11月1日に10月の米雇用統計が発表されました。
大型ハリケーンやストライキの影響は前もって予想されていましたが、実際には非農業部門の雇用者の増加数が市場の予想よりかなり低くなりました。
これは、アメリカの景気が減速する兆しに見えます。インフレ圧力も低下するとみられ、金利低下、ドル安要因です。
一方で、賃金上昇率は4パーセントと高めになりました。賃金が上昇するとインフレが持続しやすく、米連邦準備理事会(FRB)もなかなか金利を下げられない、ドル高要因となります。
指標発表当時のマーケットの反応は、両方合わせると賃金上昇率の上昇に影響を受け少しドル高、その後大統領選を控えて円高に戻りました。雇用統計は総じて順調で、FRBは政策金利を少しずつ引き下げると言えそうです。そうなるとドル円は今後緩やかに円高圧力が強まることになります。一方で、日銀はゆっくりとはいえ政策金利を引き上げることが予想されるので、これも円高圧力です。

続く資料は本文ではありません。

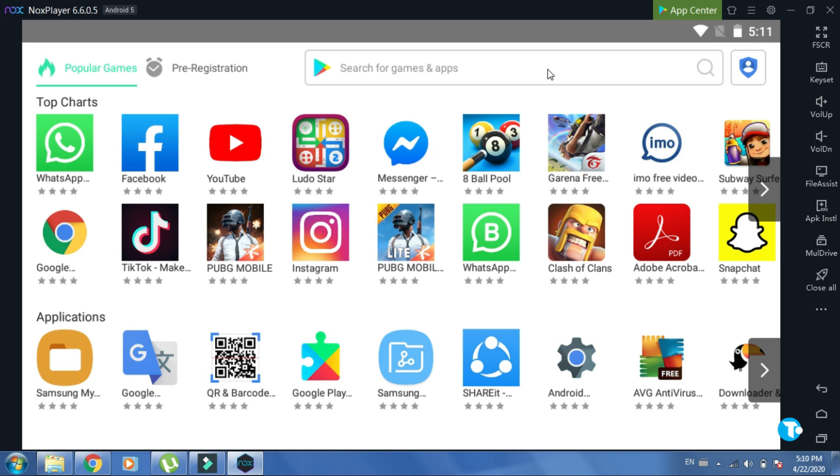I know most of you know what an Android emulator is, but some of you might not know. An Android emulator is actually a software through which your PC or laptop turns into Android. That means you can download and install Android or iOS applications on your PC or laptop.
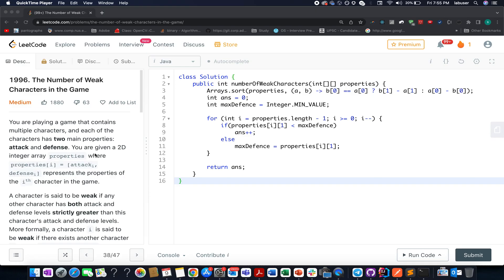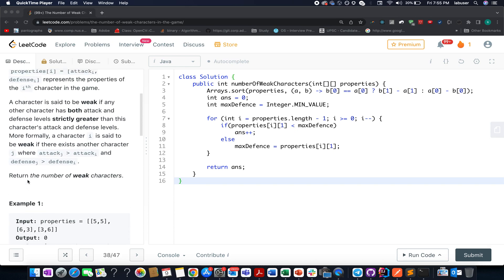September LeetCode challenge. The problem we have today is the number of weak characters in a game. The question is a medium level question on LeetCode. We are given an array of integers wherein each element has two attributes: attack and defense. We need to count the number of weak characters that exist in this entire array. I'll be walking you through the question as well as the algorithm using a test case with the presentation I have created.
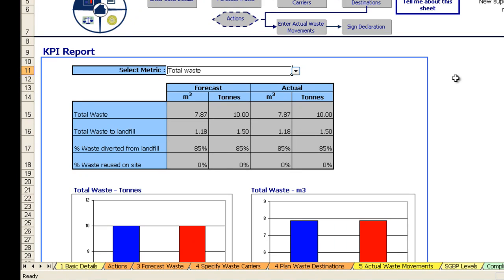We have covered recording basic details, actions, waste forecasts, carriers, actual waste movements, and looked at some of the KPI graphs that the template automatically produces for you. Please also remember there is a template training workbook available from the Site Waste Management Plan section of WRAP's website, and that takes you through the template in a step-by-step process. The third and final module covers the advanced features within the template and I encourage you to watch it.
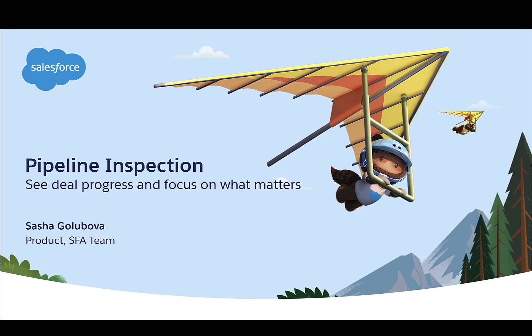Hi, Product Manager from Salesforce Automation Team here. Let's take a look at how Pipeline Inspections Home View allows sales teams to keep track of their deals and filter down to information that is most relevant to them.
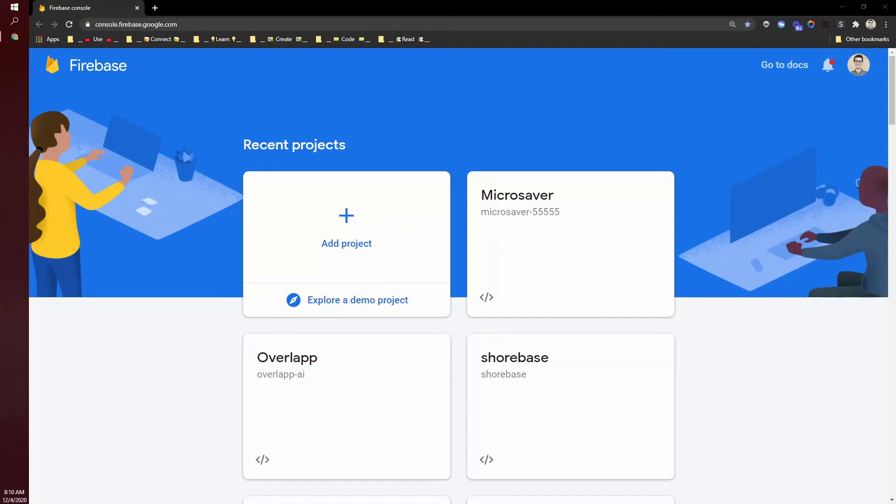In this video, I want to show you how to create a Firebase project and get it all set up to integrate with a Thunkable project.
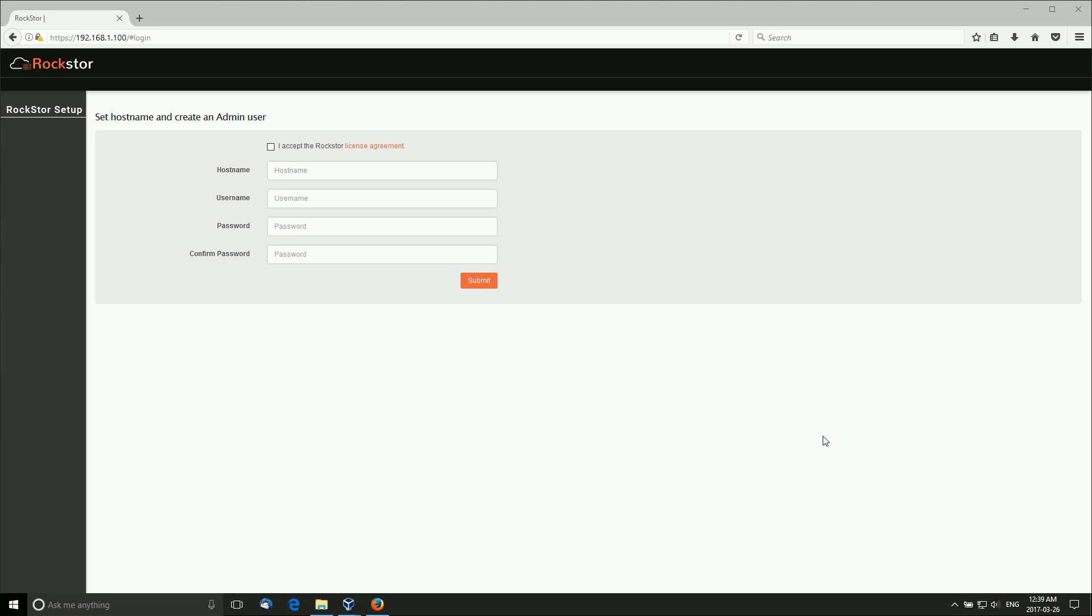While we have discussed its primary function, these days NAS devices can do a whole lot more than just store files. They can serve data, serve media, become media servers, and a whole lot of other things. But for the sake of brevity, we're going to take a look at RockStore, which is based on CentOS and turns any computer into a network attached storage device.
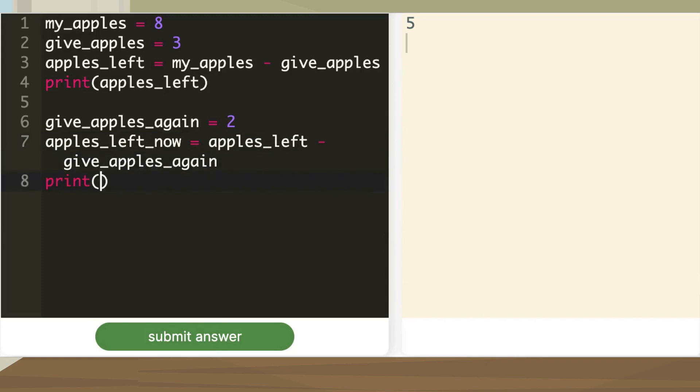Print variable apples_left_now. The answer is 3, which is 5 minus 2.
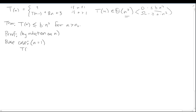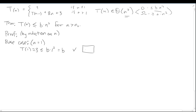We need to prove t(1) ≤ b·n². When n is one, t(1) is 3, and b times 1² is just b. So the base case works as long as b ≥ 3. Let's keep that condition in mind when we pick b at the bottom.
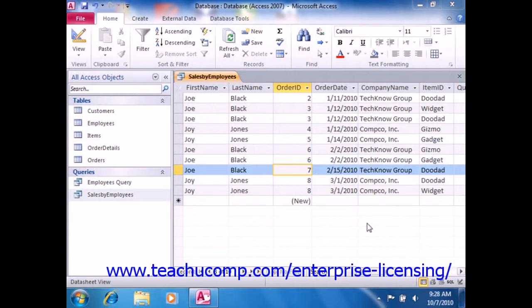For example, the criteria of N asterisk would find all N words like Nebraska, Ned, Not, Never, and so on.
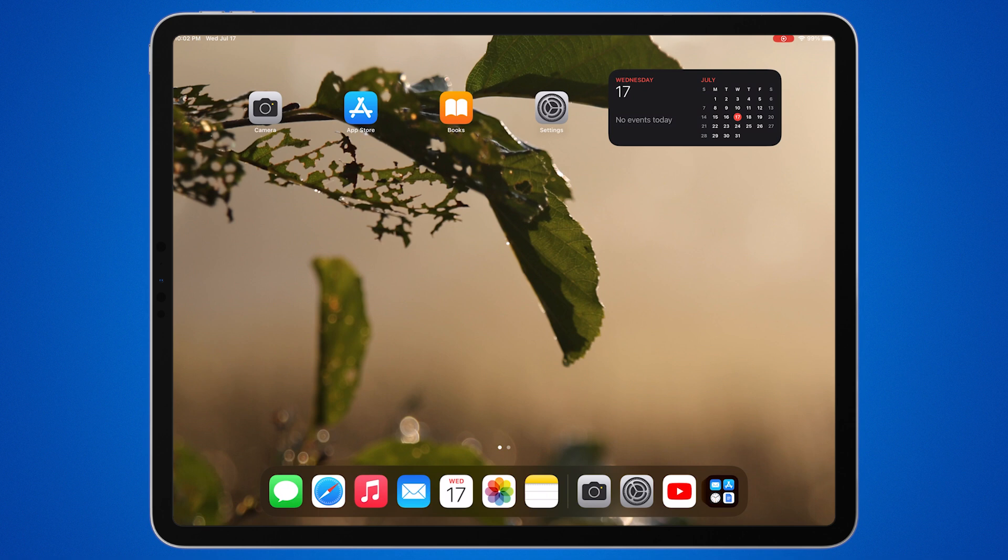First, unlock your iPad and go to the home screen by pressing the home button or swiping up from the bottom of the screen.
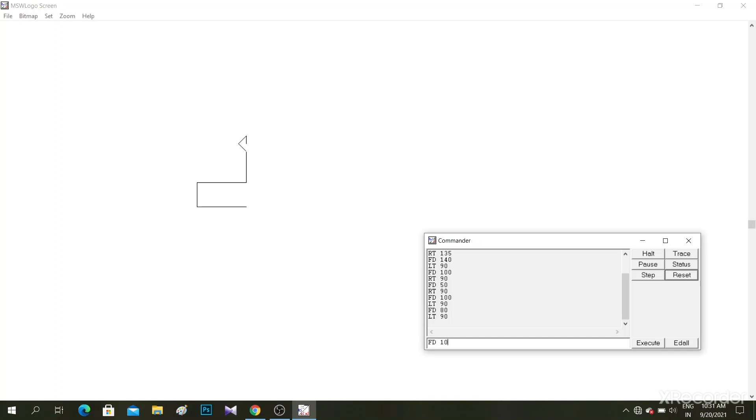And then FD 100. So what is this? Number 2, right. So we can use the Logo commands to type numbers, to do calculations, to draw figures.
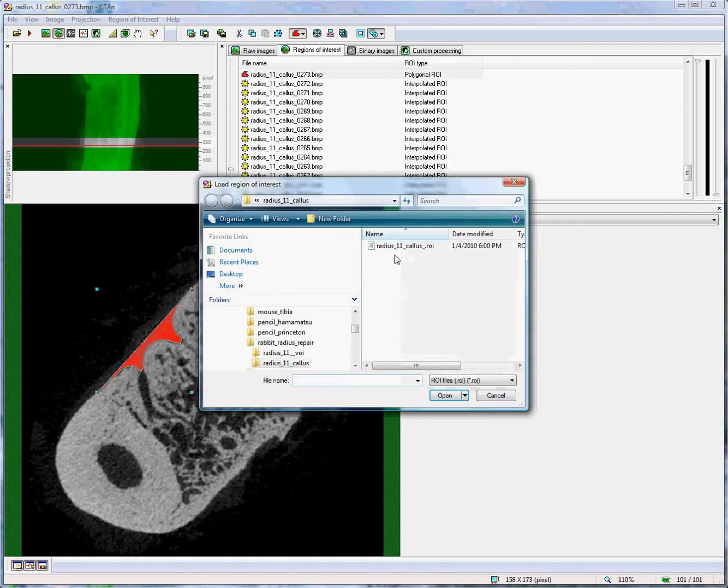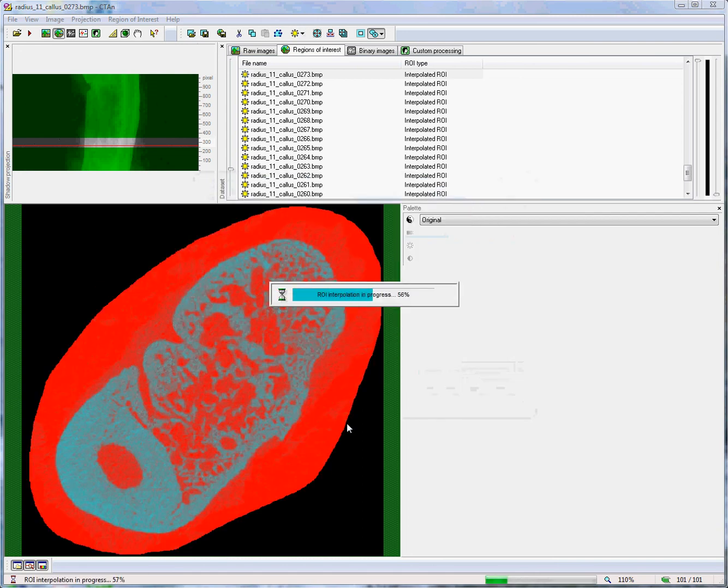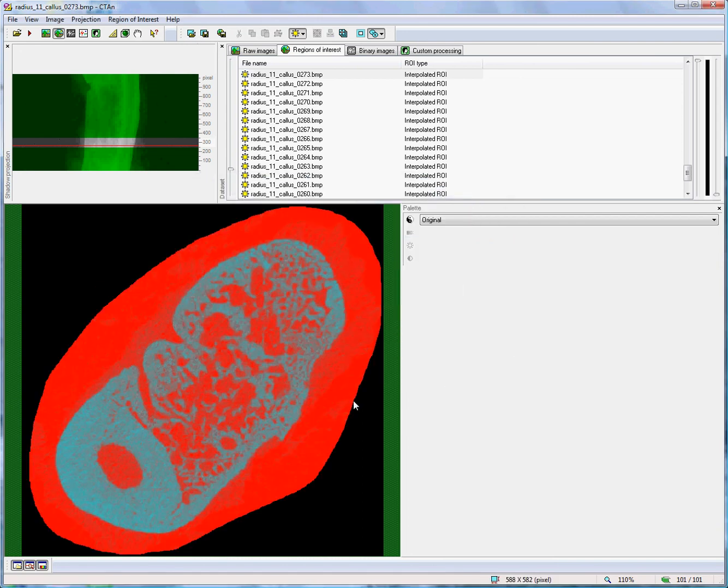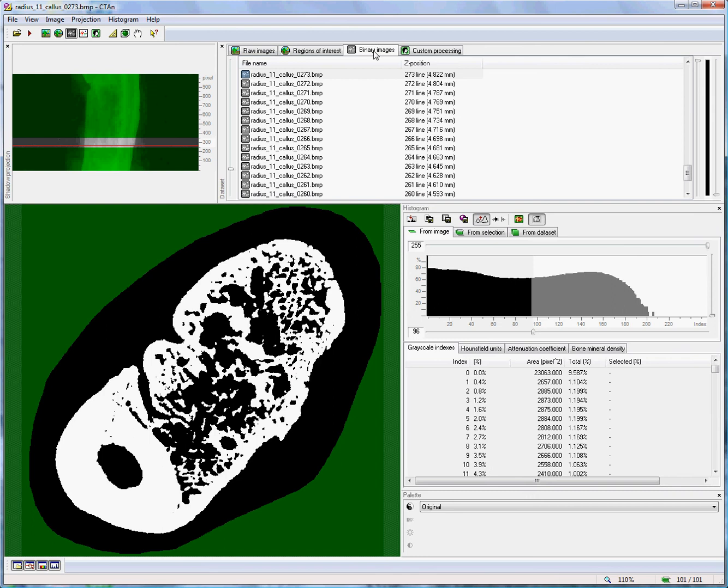So let's load the very loose region of interest which goes around the outside of the object but not following the boundary contours. First of all, at the binary image page we choose a threshold to segment the bone.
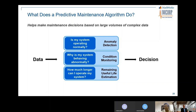In summary, a predictive maintenance algorithm involves three steps: anomaly detection to determine if the system is operating normally, condition monitoring if it is behaving abnormally, and remaining useful life estimation to know how much longer equipment can operate. By examining these different aspects of predictive maintenance, decisions can be made to either replace cables or perform maintenance.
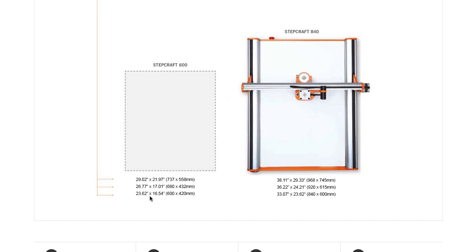And then, of course, the 840, which is the largest machine, is 33.07 inches by 23.62 inches.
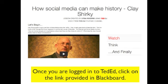Look over to the right of the screen once you're in TED-Ed. You'll see Watch, Think, and over on the right. Watch is literally that — watch the video.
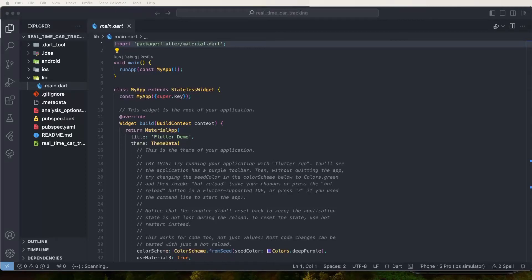Welcome to this new playlist on real-time car tracking. Today we need to integrate Google Maps into a Flutter project, create a Node.js backend with Socket.io, generate a join code for specific cars, and show all cars on one Google Map — including movement from one place to another with directions, car rotations, and smooth animations.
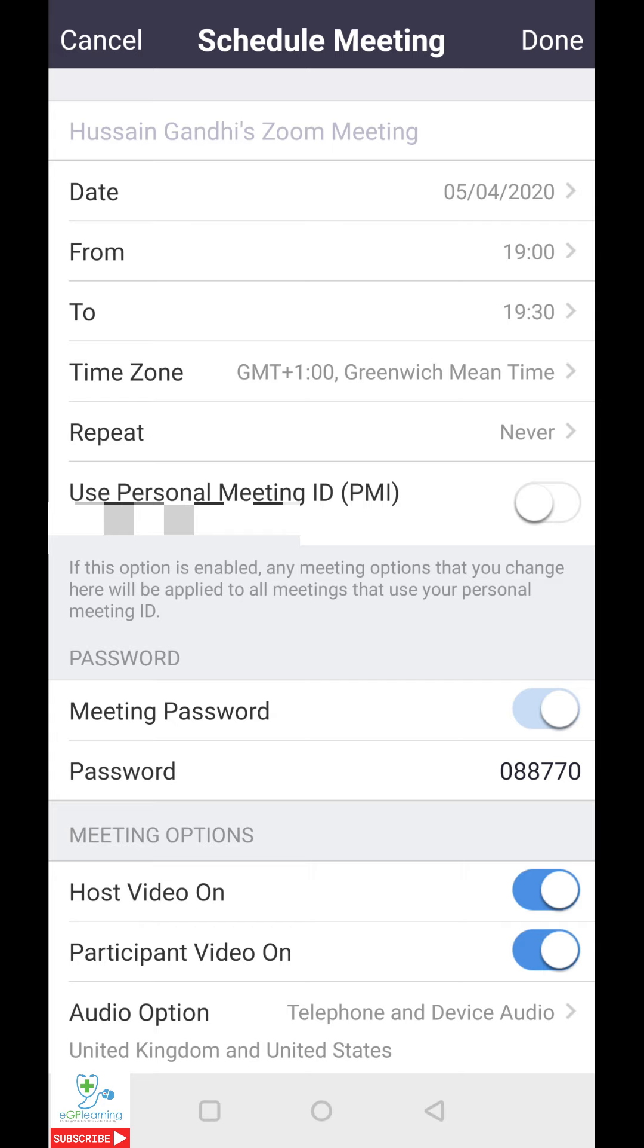It's important to note that at present, Zoom have now made this mandatory, but you can change the password that they give you. There's also the meeting options, which we'll come to in a second. But let's schedule a meeting.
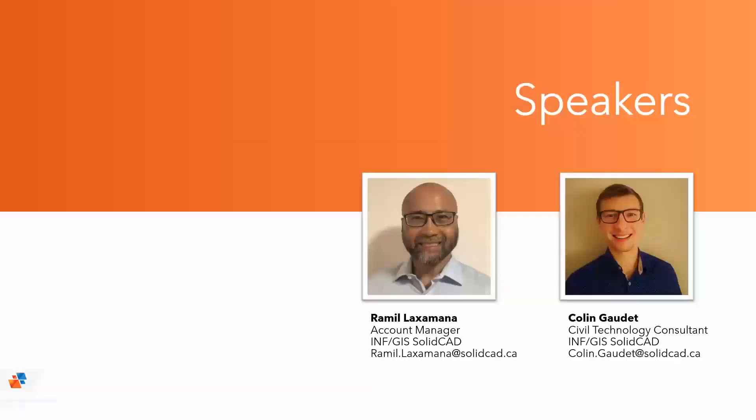Good afternoon, all. Thanks for joining once again to our webinar series on CTC tools. My name is Ramil Laxamana, and I'm one of SolidCAD's Account Managers for the Infrastructure GIS team. Joining me today is Colin Gaudet, our Productivity Tools Specialist and one of our many tech consultants with SolidCAD.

ただし、アメリカ経済は減速しても、後退するとは予想しません。成長率が低下してもプラスを維持することと、マイナスになることはずいぶん違います。成長率が低下する減速の可能性は高いのですが、アメリカ経済は、ソフトランディングで高い生産や消費を維持するでしょう。
そうなると、日本の輸出の水準は横ばいで、人手不足と設備投資の増加が続きそうです。人手不足は日本の賃金の上昇継続と消費の回復につながります。ドル安円高・金利高でも日本株が上昇する可能性が高いとみています。